__WHAT NEEDS TO BE DONE__: Would it be possible to output exactly, and only, the lines below from the one holding "Update - YouTube" to the last line, both included, with every picture left out?
##### PROVIDED DATA
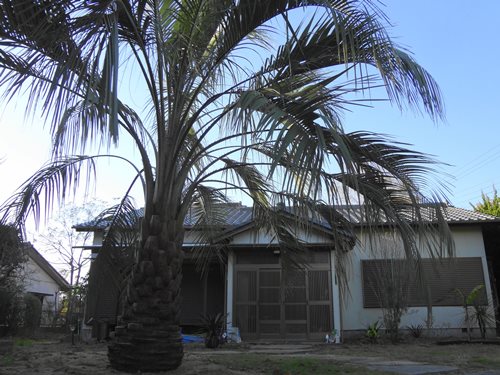ヤシの木南国リゾートの庭 COCOS GARDEN*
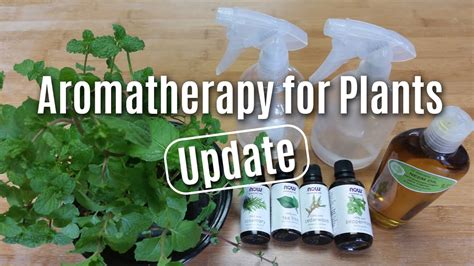 Aromatherapy for Plants - Update - YouTube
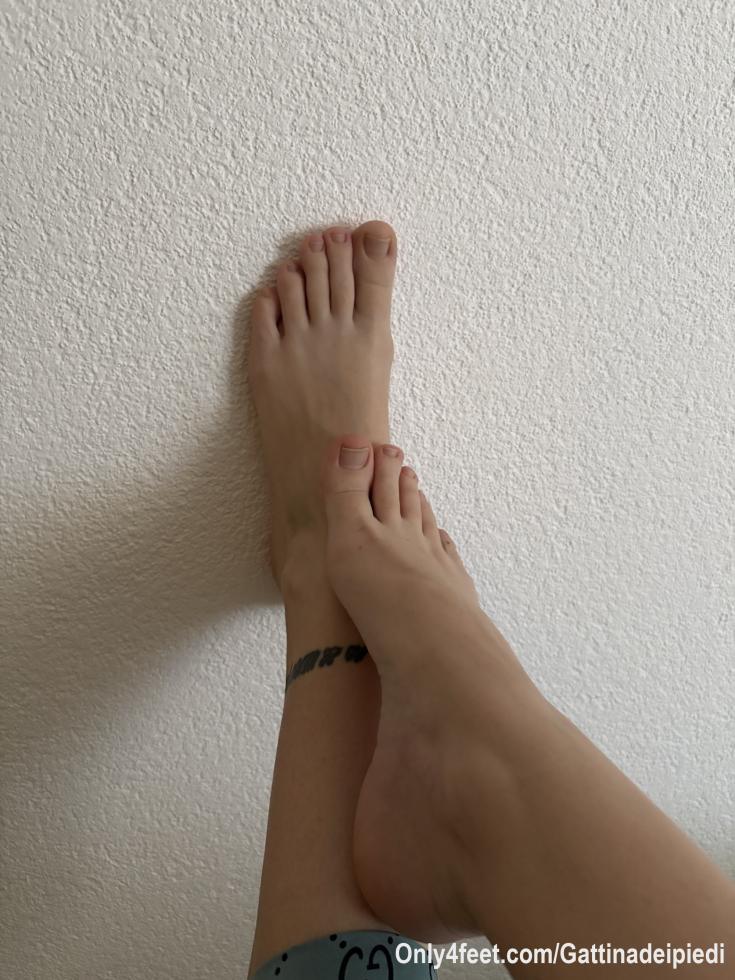 You can have my socks send me some money lets goooo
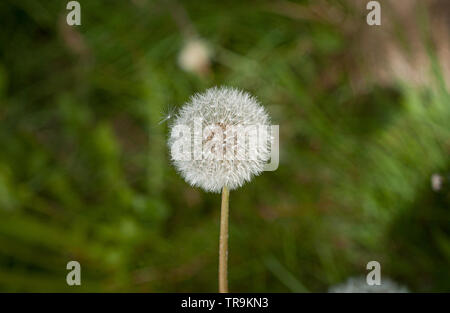 Coltsfoots (Tussilago farfara) pronti a diffondere i suoi semi. Foto Stock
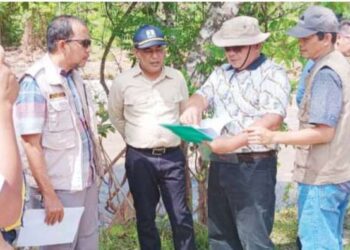 KADIS BMCKTR Sumbar, Era Sukma Munaf bersama jajaran meninjau kondisi ruas jalan Payakumbuh-Sitangkai, beberapa waktu lalu. IST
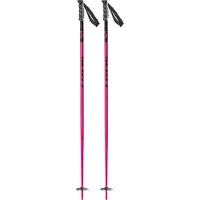 SCOTT Herren Alpin-Skistock SCO Pole SEA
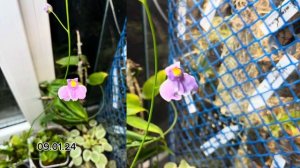Редкое цветение хищного растения. Carnivorous plant - Utricularia longifolia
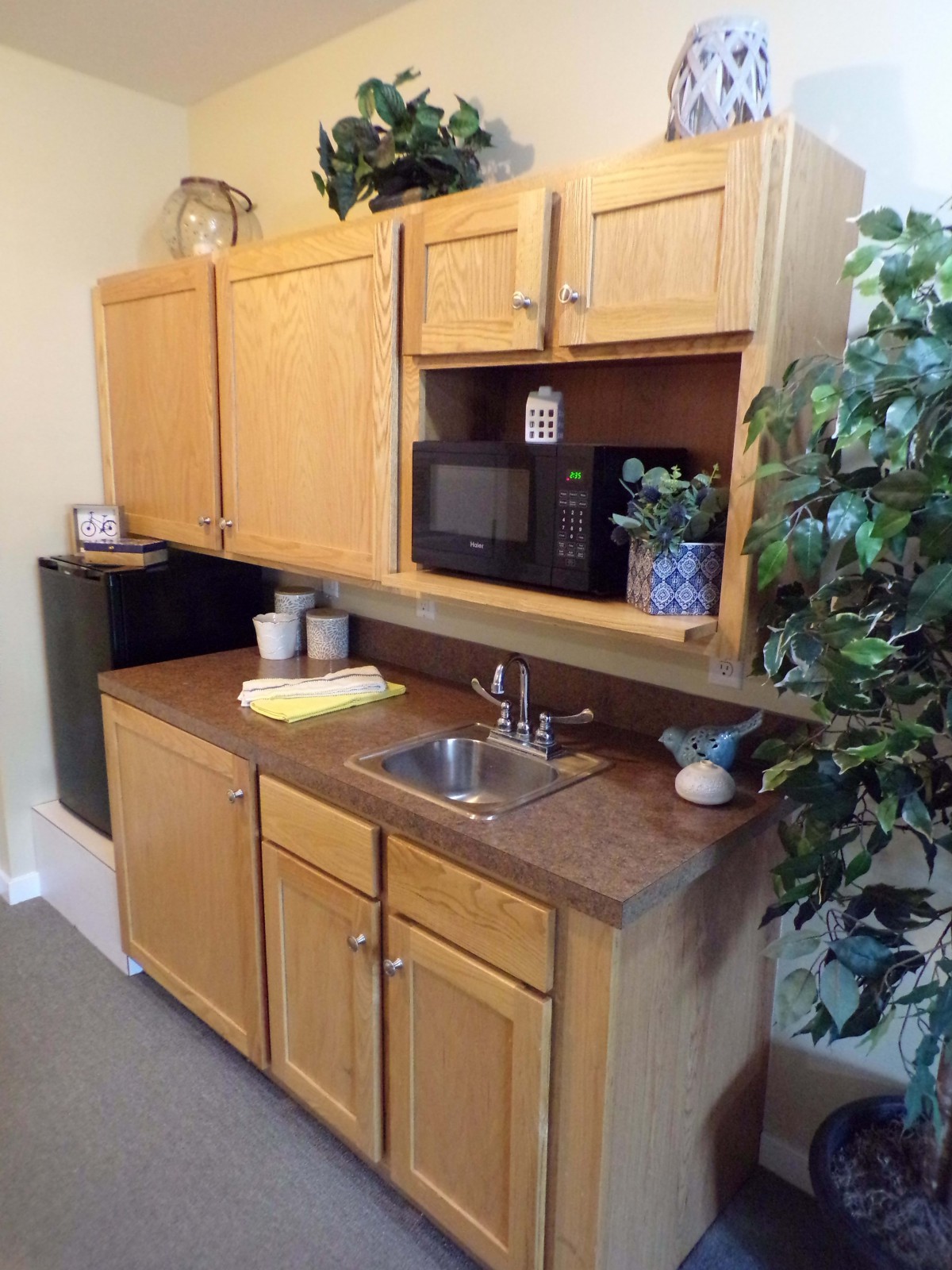 A compact kitchenette area with wooden cabinets, a microwave, and a small sink, complemented by a potted plant.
##########
__RESULT FOR THIS TASK__:
 Aromatherapy for Plants - Update - YouTube
 You can have my socks send me some money lets goooo
 Coltsfoots (Tussilago farfara) pronti a diffondere i suoi semi. Foto Stock
 KADIS BMCKTR Sumbar, Era Sukma Munaf bersama jajaran meninjau kondisi ruas jalan Payakumbuh-Sitangkai, beberapa waktu lalu. IST
 SCOTT Herren Alpin-Skistock SCO Pole SEA
Редкое цветение хищного растения. Carnivorous plant - Utricularia longifolia
 A compact kitchenette area with wooden cabinets, a microwave, and a small sink, complemented by a potted plant.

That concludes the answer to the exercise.